Work required: Return the material exactly, first line through the line containing "Und jedes Mal", and nothing more. Pictures stay out.

Input:
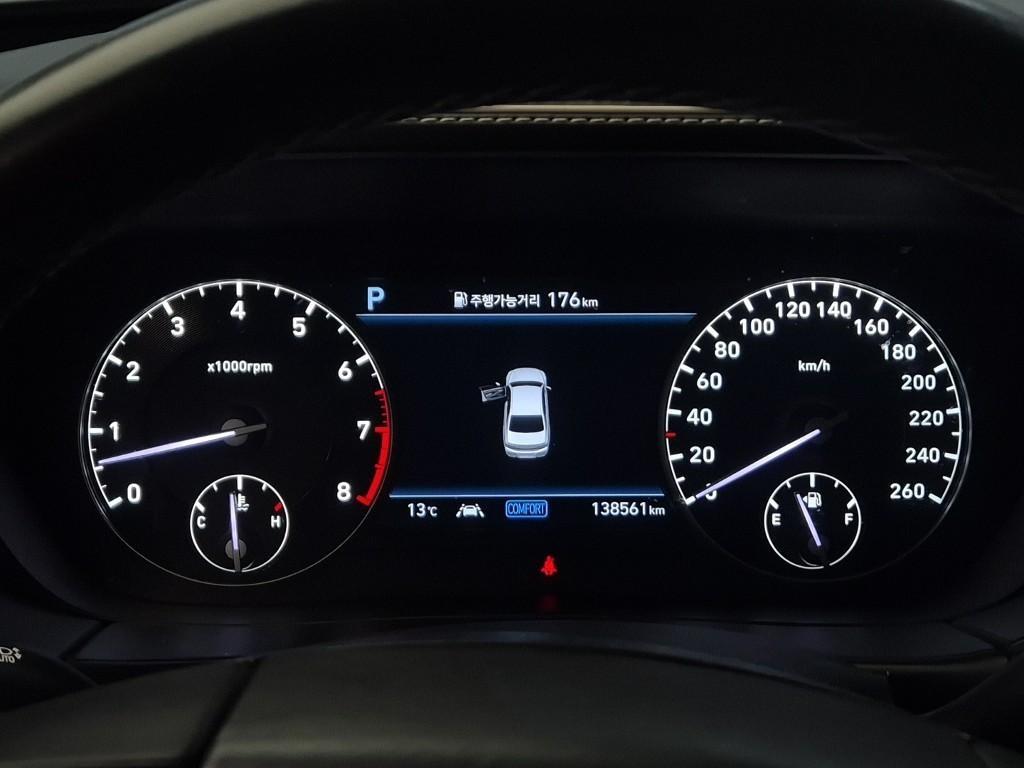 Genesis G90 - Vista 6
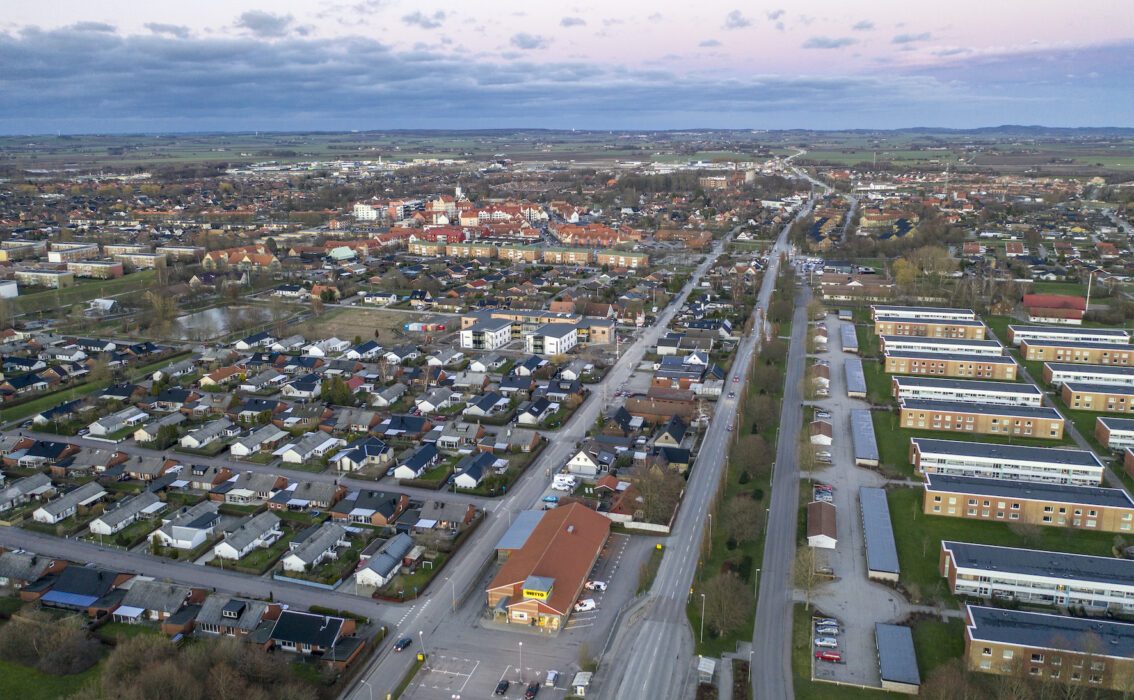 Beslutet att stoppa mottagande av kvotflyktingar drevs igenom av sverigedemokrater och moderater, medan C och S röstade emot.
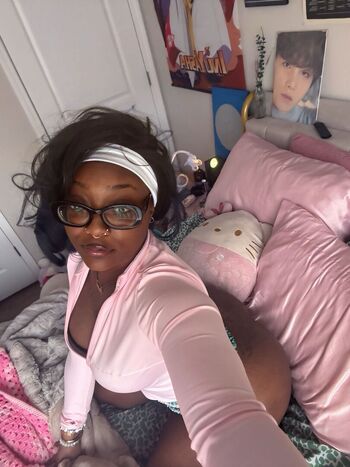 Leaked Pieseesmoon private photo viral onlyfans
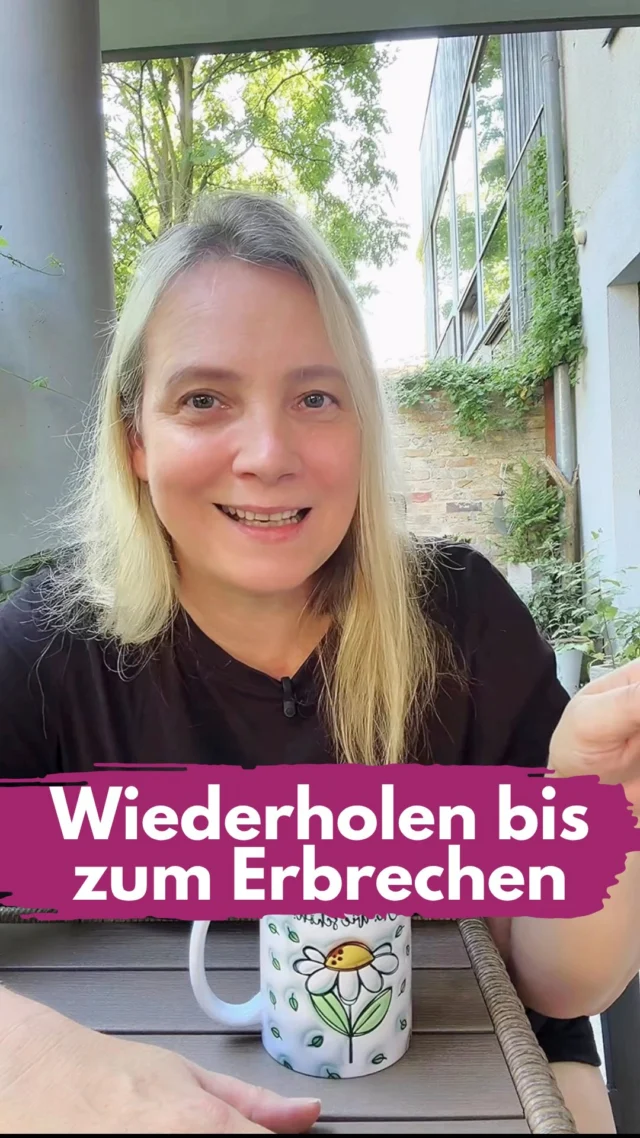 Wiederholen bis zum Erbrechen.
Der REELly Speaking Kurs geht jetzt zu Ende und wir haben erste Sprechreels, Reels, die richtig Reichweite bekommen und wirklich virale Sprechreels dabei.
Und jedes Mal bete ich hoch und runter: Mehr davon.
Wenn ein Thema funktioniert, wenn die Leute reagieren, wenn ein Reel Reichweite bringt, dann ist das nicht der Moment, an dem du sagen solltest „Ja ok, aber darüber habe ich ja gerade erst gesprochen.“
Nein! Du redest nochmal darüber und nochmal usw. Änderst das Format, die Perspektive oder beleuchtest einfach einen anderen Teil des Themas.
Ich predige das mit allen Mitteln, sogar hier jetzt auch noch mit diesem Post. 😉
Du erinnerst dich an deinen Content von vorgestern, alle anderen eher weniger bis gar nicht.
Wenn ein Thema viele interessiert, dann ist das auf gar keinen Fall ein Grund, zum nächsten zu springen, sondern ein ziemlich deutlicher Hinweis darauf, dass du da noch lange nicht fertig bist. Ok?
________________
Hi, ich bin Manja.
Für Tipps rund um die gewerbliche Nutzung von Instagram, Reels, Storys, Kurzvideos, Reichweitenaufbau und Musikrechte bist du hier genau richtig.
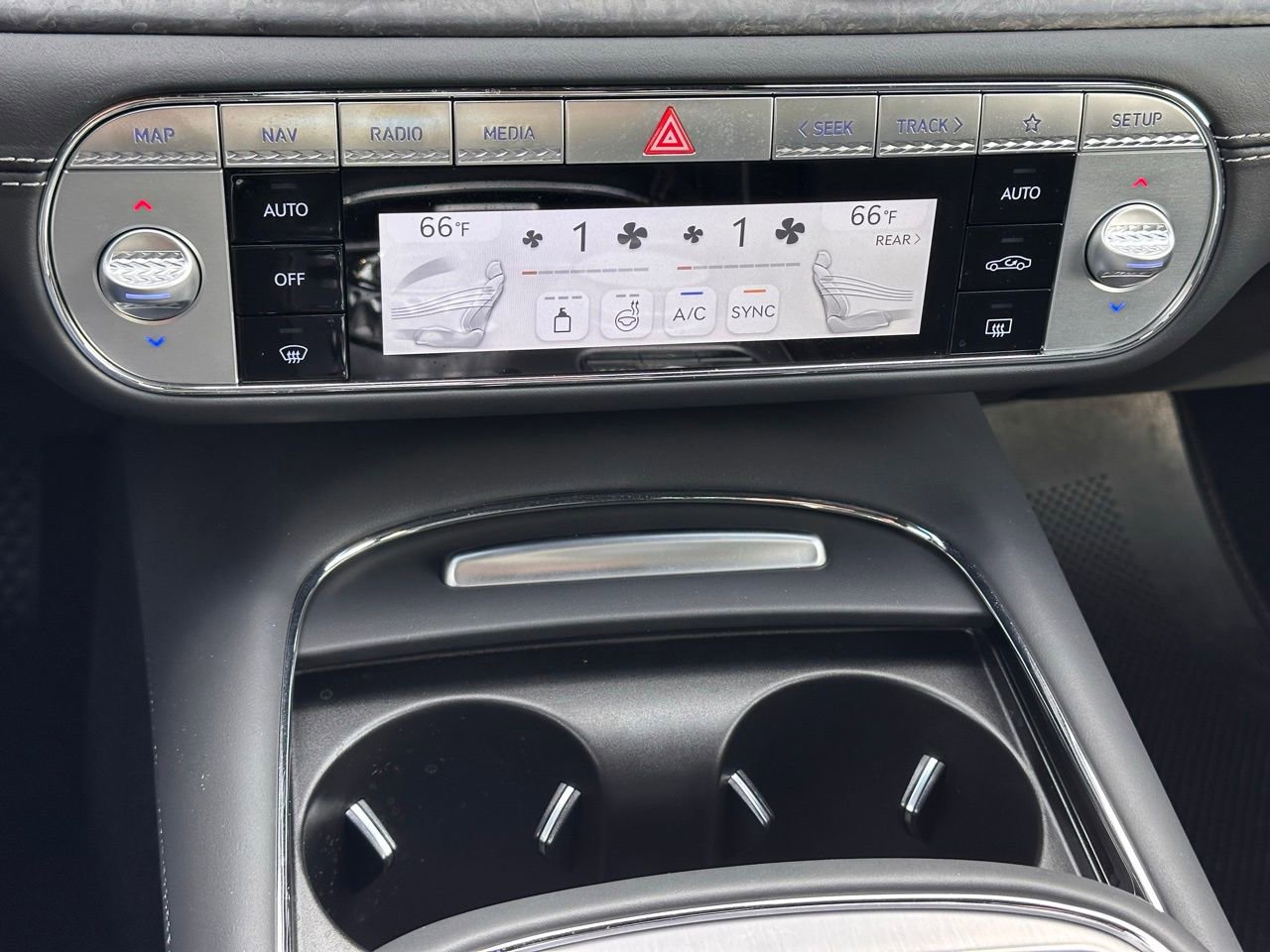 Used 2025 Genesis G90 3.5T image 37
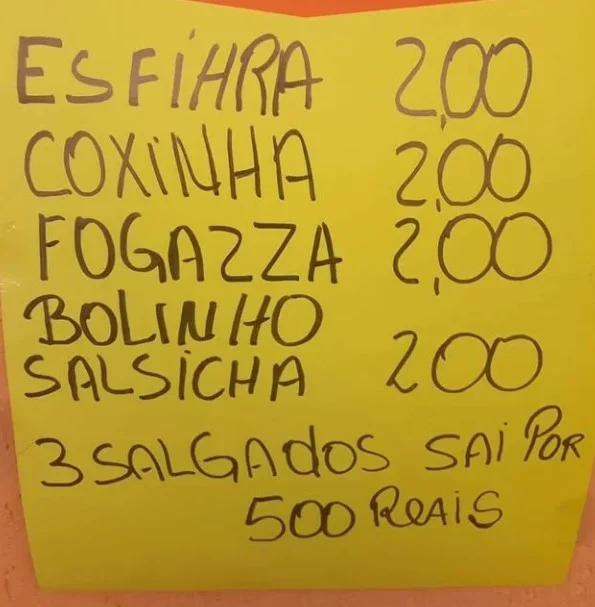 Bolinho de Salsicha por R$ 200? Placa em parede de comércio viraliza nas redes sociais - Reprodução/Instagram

Written reply:
 Genesis G90 - Vista 6
 Beslutet att stoppa mottagande av kvotflyktingar drevs igenom av sverigedemokrater och moderater, medan C och S röstade emot.
 Leaked Pieseesmoon private photo viral onlyfans
 Wiederholen bis zum Erbrechen.
Der REELly Speaking Kurs geht jetzt zu Ende und wir haben erste Sprechreels, Reels, die richtig Reichweite bekommen und wirklich virale Sprechreels dabei.
Und jedes Mal bete ich hoch und runter: Mehr davon.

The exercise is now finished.